I wanted to use the date_trunc
function on the dataframe which has the date column so that I can create new column that would give me information about which quarter the record is associated with.
Stuffs that i have tried is as below :
import org.apache.spark.sql.functions._
val test = Seq(("2010-03-05"),("2018-01-16"),("2018-04-20")).toDF("TestDates")
display(test) //this displays the date in the notebook
val datetrunctest = test.withColumn("Quarter", date_trunc("QUARTER",$"TestDates"))

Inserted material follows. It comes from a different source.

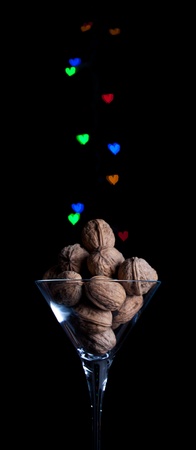 Glass of  walnut with heart bokeh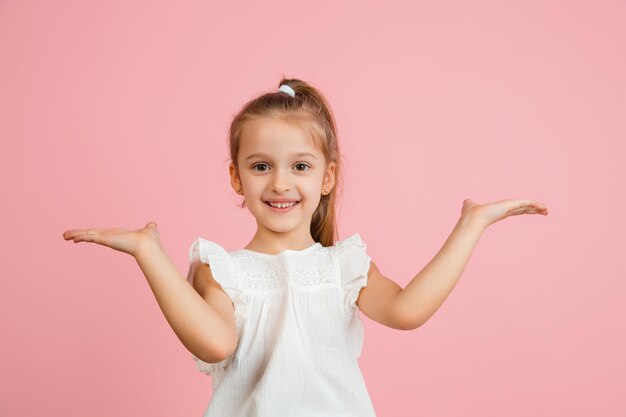 Retrato de niña bastante caucásica aislado sobre fondo de estudio rosa con copyspace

display(datetrunctest) //this gives me an error saying **error: not found: value date_trunc**
Also when I try to use the import statement with the function name it gives me error as below :
import org.apache.spark.sql.functions.date_trunc
Error : value date_trunc is not a member of object org.apache.spark.sql.functions
I am able to use the same function in spark sql as below by saving above dataframe test as a table "DailyDates":
val ddd = spark.sql("Select TestDates,date_trunc('QUARTER', TestDates) as QuarterDate from test.DailyDates")
display(ddd)
I have lot of transformation/aggregation that needs to be performed on the dataframe so I am looking to find an way by which I could make this work on the dataframe by adding additional column. According to the documentation if you are using spark version greater than 2.3.0 this should work and I am using spark version 2.4.3 .
Snapshot image for the spark version :
Document Link : https://spark.apache.org/docs/2.3.0/api/java/org/apache/spark/sql/functions.html#date_trunc-java.lang.String-org.apache.spark.sql.Column-
Does anyone have any idea on what could be the issue and how I can get this working?